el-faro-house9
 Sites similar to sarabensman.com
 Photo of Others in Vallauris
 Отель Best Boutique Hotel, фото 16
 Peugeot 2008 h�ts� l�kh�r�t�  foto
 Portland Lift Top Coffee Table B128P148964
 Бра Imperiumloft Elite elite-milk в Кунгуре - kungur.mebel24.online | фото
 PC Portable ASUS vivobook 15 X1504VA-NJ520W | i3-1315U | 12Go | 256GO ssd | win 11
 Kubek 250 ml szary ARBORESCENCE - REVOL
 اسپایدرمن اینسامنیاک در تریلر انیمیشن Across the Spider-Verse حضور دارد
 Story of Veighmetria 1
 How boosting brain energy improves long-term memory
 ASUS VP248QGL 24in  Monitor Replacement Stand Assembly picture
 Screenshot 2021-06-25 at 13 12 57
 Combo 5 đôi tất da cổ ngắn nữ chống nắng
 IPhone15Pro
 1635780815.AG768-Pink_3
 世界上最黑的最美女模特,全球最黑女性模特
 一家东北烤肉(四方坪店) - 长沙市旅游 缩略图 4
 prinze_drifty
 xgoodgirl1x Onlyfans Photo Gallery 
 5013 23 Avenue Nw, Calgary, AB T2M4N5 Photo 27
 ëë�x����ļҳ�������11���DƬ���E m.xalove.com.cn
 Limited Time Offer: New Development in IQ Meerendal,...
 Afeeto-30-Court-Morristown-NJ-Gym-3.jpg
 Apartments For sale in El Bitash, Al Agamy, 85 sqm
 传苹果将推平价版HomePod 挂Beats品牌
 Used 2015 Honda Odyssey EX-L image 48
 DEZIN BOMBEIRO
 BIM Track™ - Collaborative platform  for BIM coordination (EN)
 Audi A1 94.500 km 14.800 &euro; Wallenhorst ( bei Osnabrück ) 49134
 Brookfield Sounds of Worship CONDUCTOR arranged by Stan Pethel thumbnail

○ ○ ○ ○ ○

# What is required
Set down only these lines, exactly: the one containing "Отель Best Boutique Hotel, фото 16" and each line after it through the end of the entries above.

# Your response
 Отель Best Boutique Hotel, фото 16
 Peugeot 2008 h�ts� l�kh�r�t�  foto
 Portland Lift Top Coffee Table B128P148964
 Бра Imperiumloft Elite elite-milk в Кунгуре - kungur.mebel24.online | фото
 PC Portable ASUS vivobook 15 X1504VA-NJ520W | i3-1315U | 12Go | 256GO ssd | win 11
 Kubek 250 ml szary ARBORESCENCE - REVOL
 اسپایدرمن اینسامنیاک در تریلر انیمیشن Across the Spider-Verse حضور دارد
 Story of Veighmetria 1
 How boosting brain energy improves long-term memory
 ASUS VP248QGL 24in  Monitor Replacement Stand Assembly picture
 Screenshot 2021-06-25 at 13 12 57
 Combo 5 đôi tất da cổ ngắn nữ chống nắng
 IPhone15Pro
 1635780815.AG768-Pink_3
 世界上最黑的最美女模特,全球最黑女性模特
 一家东北烤肉(四方坪店) - 长沙市旅游 缩略图 4
 prinze_drifty
 xgoodgirl1x Onlyfans Photo Gallery 
 5013 23 Avenue Nw, Calgary, AB T2M4N5 Photo 27
 ëë�x����ļҳ�������11���DƬ���E m.xalove.com.cn
 Limited Time Offer: New Development in IQ Meerendal,...
 Afeeto-30-Court-Morristown-NJ-Gym-3.jpg
 Apartments For sale in El Bitash, Al Agamy, 85 sqm
 传苹果将推平价版HomePod 挂Beats品牌
 Used 2015 Honda Odyssey EX-L image 48
 DEZIN BOMBEIRO
 BIM Track™ - Collaborative platform  for BIM coordination (EN)
 Audi A1 94.500 km 14.800 &euro; Wallenhorst ( bei Osnabrück ) 49134
 Brookfield Sounds of Worship CONDUCTOR arranged by Stan Pethel thumbnail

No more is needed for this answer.